Sin embargo, por más que uno lo predique por los siete mares, no dejamos de hacer esas concesiones y gestos para no incomodar o para evitar el conflicto. Típico que uno está conversando con un grupo de gente y alguien se manda un comentario de lo peor. Desatinado, poco informado o de frentón mala onda, sexista, clasista, etc. El problema es que ahi en ese momento a uno le baja la moralina de para qué discutir, para qué pelear, mientras el que hace el comentario no tuvo ningún pudor a la hora de decir su lesera. El día que llegamos a Chile fuimos con la familia a comer a un lugar bien rico. Nos atendió una mesera ofreciéndonos sabrosos pisco sours de aperitivo. Todo bien hasta que remató con la hermosa frase: los podemos preparar suaves para las mujeres. Yo pensé: que comentario más sexista e idiota. La cuñada Bernardita pensó lo mismo pero ninguno de los dos le dijo nada y nos quedamos después refunfuñando entre nosotros por tamaña burrada en lugar de decirle que el comentario estaba fuera de lugar. Lo malo de todo esto es que aunque sean cosas chicas o sin importancia uno se queda picado y dos semanas después del incidente sigue rumiando el comentario y lamentándose de no haber respondido algo.

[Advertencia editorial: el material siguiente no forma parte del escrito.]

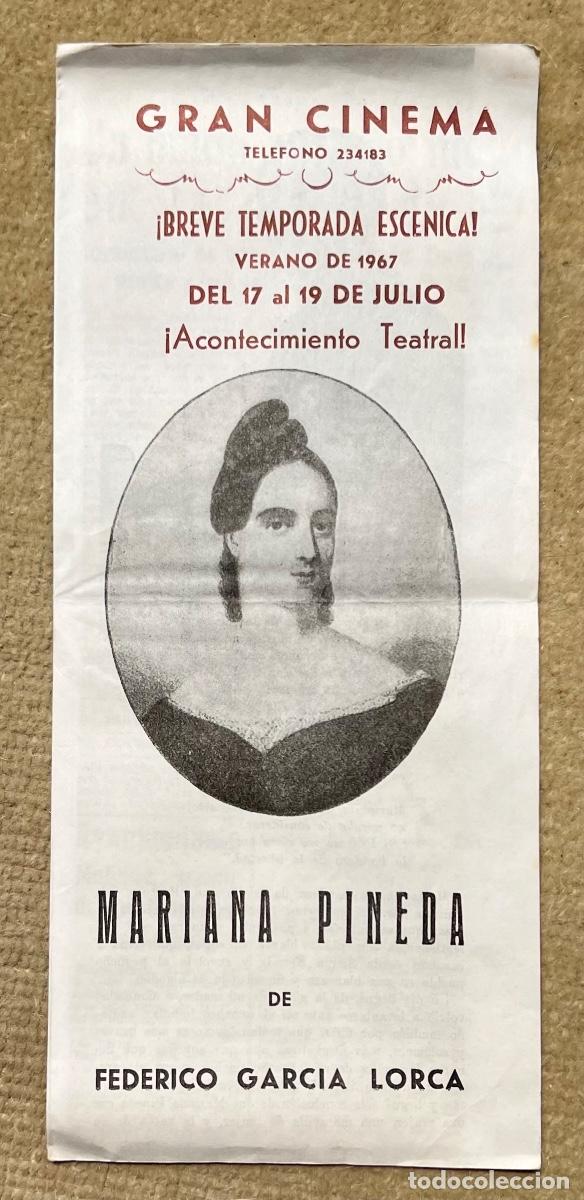 Cine: Programa Teatro Gran Cinema (Santander, 1967) Mariana Pineda de Federico Garcia Lorca -Lola Cardona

Es como cuando uno va a una charla y dan la palabra. La mayoría de las veces yo no hablo. De tímido o pavo quizás, porque no sé si lo que voy a decir es suficientemente importante como para ser dicho, etc. Por otro lado, la mayoría de los que hablan dicen puras burradas y gastan todo el tiempo. Entonces uno se lamenta: ¿por qué no hablé?. Debería haberle preguntado. La otra vez fuimos a ver una película palestina y después hubo una conversación con el director. Abrieron la ronda de preguntas y mientras yo dudaba y dudaba sobre si mi pregunta era lo suficientemente buena como para romper el silencio y convertirse en sonidos inteligibles, unas gallas cuicas de la comunidad palestina se pusieron a hablar puras idioteces que no venían al caso. El tiempo se acabó y no hablé. Tampoco hablaron varios que podrían haber preguntado algo interesante o más adecuado que ellas pero no lo hicimos. Además, preguntar hubiera sido un doble favor para todos porque junto con poner más temas a la discusión le hubiéramos quitado tiempo a las preguntas fomes.

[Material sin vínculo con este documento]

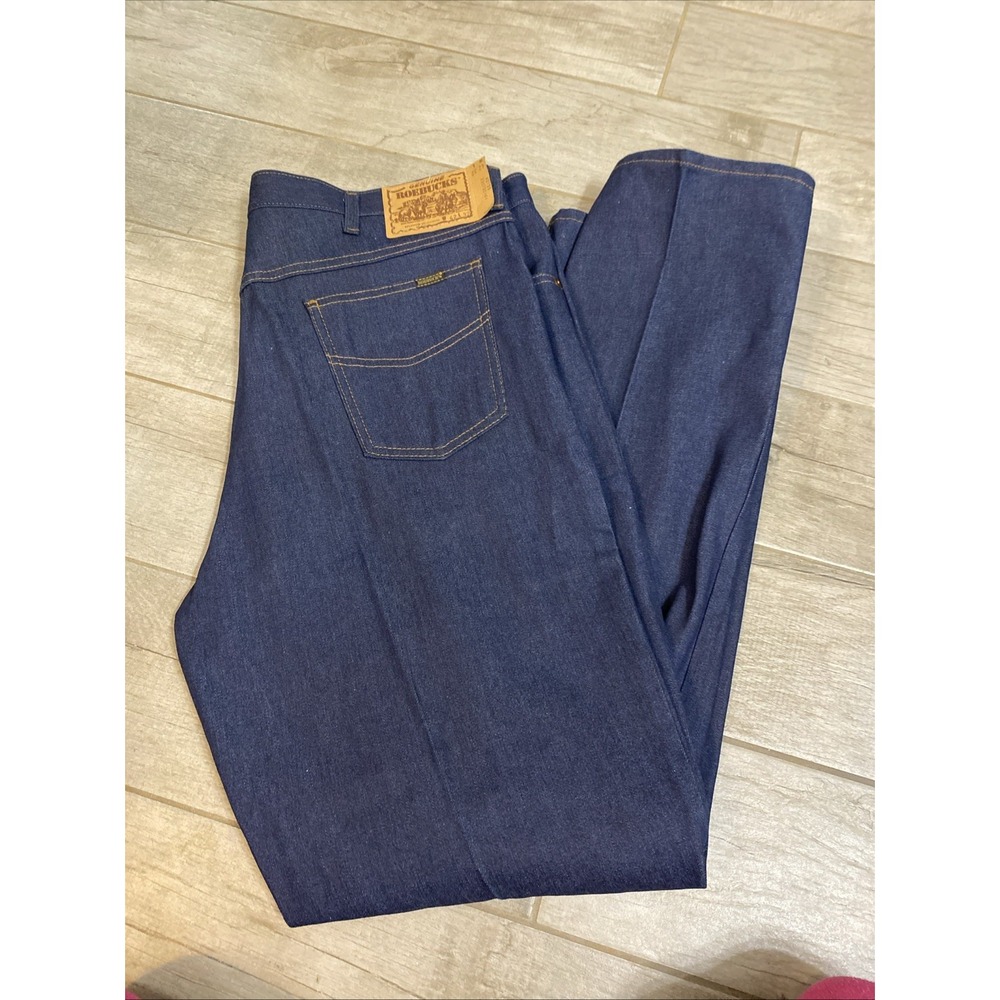 Vintage Roebucks Jeans Mens 42x32 Blue Dark Boot Cut 40155 Made In USA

En ese sentido, los viejos tienen algunas ventajas. A cambio de una gran cantidad de desventajas, existe una cierta permisividad con los más viejos. Podríamos decir que hay una “ley del mono” de modales. Mi abuela por ejemplo dice unas barbaridades bien grandes y la gente la aguanta porque es vieja y nadie le echa la foca ni mucho menos. Les dice a los demás que son viejos, gordos, feos y un largo etcétera, pero todos se aguantan porque es la abuela. Los niños también entran en esa categoría de una cierta amnistía expresiva, pero claro que no se puede aspirar a ser niño. Al menos para mí sería un poco ridículo, aunque hay gente que no lo hace nada de mal.     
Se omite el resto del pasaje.